=== WHAT THE TASK REQUIRES ===
Copy out each line of the data that holds the string "with".

=== SOURCE DATA ===
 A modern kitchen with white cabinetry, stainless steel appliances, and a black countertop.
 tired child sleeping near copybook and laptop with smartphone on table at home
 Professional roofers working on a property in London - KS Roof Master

=== TASK ANSWER ===
 A modern kitchen with white cabinetry, stainless steel appliances, and a black countertop.
 tired child sleeping near copybook and laptop with smartphone on table at home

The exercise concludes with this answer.